News & Reviews
Advertorial:Sarah Walters meets Brendan Blood who has penned a book about Sasha
Everyone has a hero, but few of us will ever find our names sharing billing on a book cover with our favourite star.
For Leigh-born writer Brendan Blood, this becomes a reality next week when his debut book, God Is A DJ But He Only Warms Up For Sasha, launches at Thomas Restaurant in the Northern Quarter on Thursday.
It’s a lively amble through Blood’s very personal love of the work of 1980s progressive house music DJ and pioneer Sasha, recalled via a series of scene-changing club nights up and down the country – Stoke’s Shelley’s, Manchester’s Hacienda, London’s Ministry Of Sound, Liverpool’s Masque – and even out to Ibiza at Space.
It’s a book Brendan has wanted to write for a long time, ever since he first met the enigmatic, Welsh-born mixer at his former flat in Fire Station Square, Salford.
Back then, Sasha was the original pin-up DJ and Brendan was a keen clubber desperate to get his hands on new records and into the best clubs.
So he started a fanzine – Ace Of Clubs – to get an interview with the great man.
“I wrote it with a friend, Gareth Jones, and he worked at a printers where they’d been producing this Chippendales calendar,” Brendan laughs.
“Because Mixmag had called Sasha the first pin up DJ, we decided to take this huge cut-out of a Chippendale and put Sasha’s head on and take that to his flat.
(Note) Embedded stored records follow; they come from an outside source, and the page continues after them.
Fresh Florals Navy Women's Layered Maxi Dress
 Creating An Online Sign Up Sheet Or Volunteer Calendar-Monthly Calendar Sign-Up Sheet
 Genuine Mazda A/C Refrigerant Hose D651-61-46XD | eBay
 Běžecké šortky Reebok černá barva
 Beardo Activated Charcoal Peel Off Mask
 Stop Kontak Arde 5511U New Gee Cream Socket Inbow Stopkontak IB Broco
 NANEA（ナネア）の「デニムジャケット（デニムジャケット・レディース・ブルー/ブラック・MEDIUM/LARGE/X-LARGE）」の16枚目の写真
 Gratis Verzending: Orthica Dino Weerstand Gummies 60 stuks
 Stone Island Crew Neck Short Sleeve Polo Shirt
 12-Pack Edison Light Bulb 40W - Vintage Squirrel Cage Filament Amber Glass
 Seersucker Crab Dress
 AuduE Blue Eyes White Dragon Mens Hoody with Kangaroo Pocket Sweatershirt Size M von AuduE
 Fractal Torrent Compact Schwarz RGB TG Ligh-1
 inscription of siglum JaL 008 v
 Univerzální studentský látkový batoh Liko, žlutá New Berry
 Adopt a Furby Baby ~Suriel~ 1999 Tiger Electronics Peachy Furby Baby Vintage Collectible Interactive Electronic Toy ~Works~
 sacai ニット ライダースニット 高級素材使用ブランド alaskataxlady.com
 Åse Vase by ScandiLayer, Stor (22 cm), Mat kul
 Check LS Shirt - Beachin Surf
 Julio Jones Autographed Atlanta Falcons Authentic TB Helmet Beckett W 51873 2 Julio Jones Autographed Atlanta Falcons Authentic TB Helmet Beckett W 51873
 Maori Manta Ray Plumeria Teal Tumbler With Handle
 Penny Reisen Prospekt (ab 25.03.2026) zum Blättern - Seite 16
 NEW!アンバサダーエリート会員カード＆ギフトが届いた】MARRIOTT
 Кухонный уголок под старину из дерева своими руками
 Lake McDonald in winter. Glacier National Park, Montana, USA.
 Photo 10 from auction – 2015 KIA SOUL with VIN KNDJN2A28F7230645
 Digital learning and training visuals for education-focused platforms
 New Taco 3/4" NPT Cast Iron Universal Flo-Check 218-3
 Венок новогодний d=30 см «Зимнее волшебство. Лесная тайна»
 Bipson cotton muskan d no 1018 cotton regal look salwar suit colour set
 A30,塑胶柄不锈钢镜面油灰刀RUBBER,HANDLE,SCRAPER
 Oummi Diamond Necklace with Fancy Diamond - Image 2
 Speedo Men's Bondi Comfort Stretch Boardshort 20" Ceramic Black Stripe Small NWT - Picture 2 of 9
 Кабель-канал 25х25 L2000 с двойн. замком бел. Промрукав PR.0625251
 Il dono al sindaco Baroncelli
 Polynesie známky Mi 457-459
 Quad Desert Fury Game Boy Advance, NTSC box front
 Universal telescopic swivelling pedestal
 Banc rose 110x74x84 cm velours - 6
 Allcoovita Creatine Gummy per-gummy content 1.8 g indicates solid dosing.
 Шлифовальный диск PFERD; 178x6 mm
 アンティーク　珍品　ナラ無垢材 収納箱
I had an Astra convertible at the time and Gaz had to sit with this thing in the back holding it so it didn’t blow away.
“I’ll never forget knocking on the door with this pin-up thing next to me.
“Sasha kept it for a while stood up behind his decks until a friend of his punched the head off at a party!”
Sasha cemented his reputation as an influential spinner in the north west after being exposed to the dance records of Detroit and Chicago at the Hacienda nightclub.
He moved to Manchester (later decamping to Salford) and started playing illegal raves in disused warehouses until rave culture was cut short by the arrival of the Criminal Justice Bill in 1989. Soon, Sasha would be behind the decks at the Hacienda, working alongside Jon DaSilva, and inviting the club’s owners – New Order’s Bernard Sumner and Peter Hook, as well as local bands like the Happy Mondays – to his house parties.
He’s gone on to be one of the biggest success stories of the scene, remixing hits for artists like Madonna (Ray Of Light), scooping Grammy Awards and even being dubbed the son of God by industry magazines.
It really is little wonder that Brendan got hooked – first on the excitement of the illegal rave scene, and then on Sasha’s inimitable style.
“They were interesting times,” Brendan recalls. “There were no mobile phones, no emails, no sat navs: you found those raves by just talking to people at Knutsford services.
“We’d think nothing of driving hundreds of miles for five hours to a rave and then doing the same the next night. We just wanted our next fix of music.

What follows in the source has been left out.